● **Source material**:
- - -

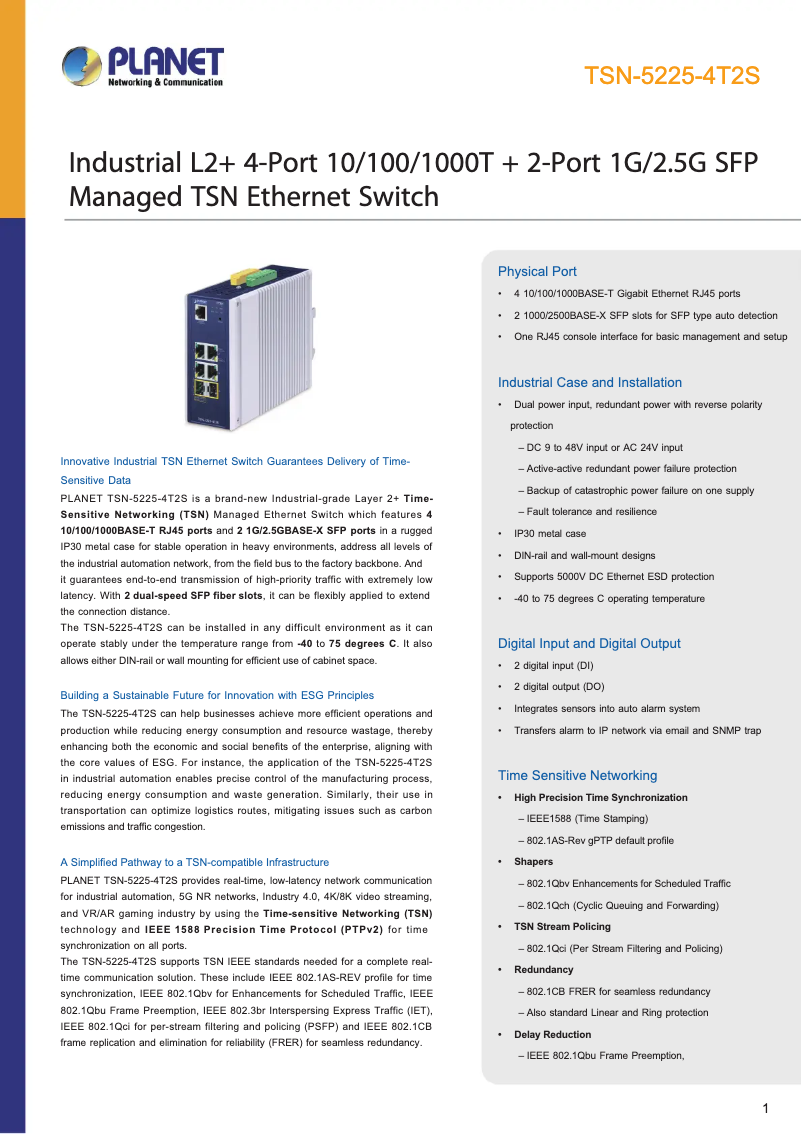 Page 1 de la notice Fiche technique Planet TSN-5225-4T2S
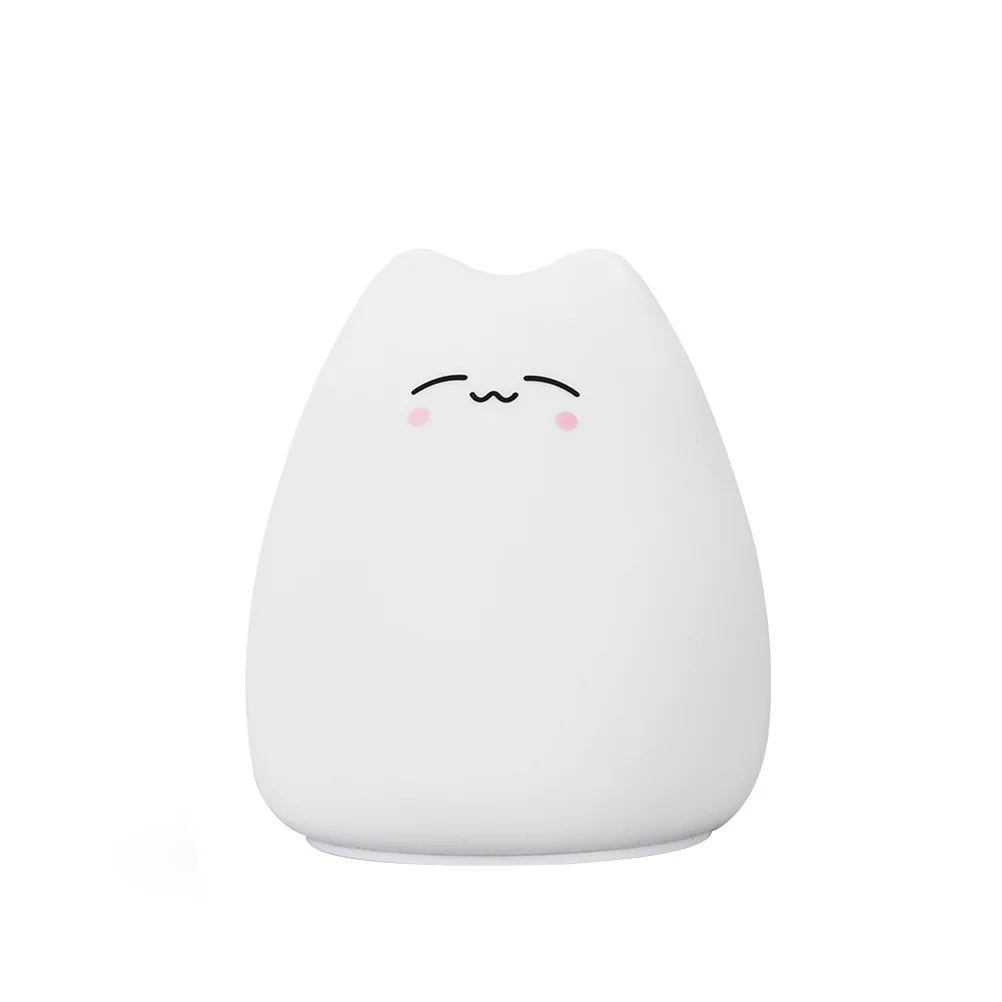 سيليكون ضوء الليل شكل القط الملونة Led اللمس الاستشعار مصباح لغرفة النوم ديكور ضوء الليل مصباح الحيوان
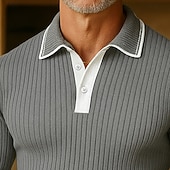 preiswerte Herren Klassisches Polo-Herren Polo Rippenstrick-Top Urlaub Arbeit Umlegekragen Langarm Mode Modern Einfarbig Patchwork Frühling Herbst Frühling &amp; Herbst Normale Passform Blau Gelb Grau Marineblau Polo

- - -

● **Task statement**: Give again, word for word, every line from the top of the data above to the line holding "سيليكون ضوء الليل", inclusive, with the pictures left out.

● **Solution to this task**:
 Page 1 de la notice Fiche technique Planet TSN-5225-4T2S
 سيليكون ضوء الليل شكل القط الملونة Led اللمس الاستشعار مصباح لغرفة النوم ديكور ضوء الليل مصباح الحيوان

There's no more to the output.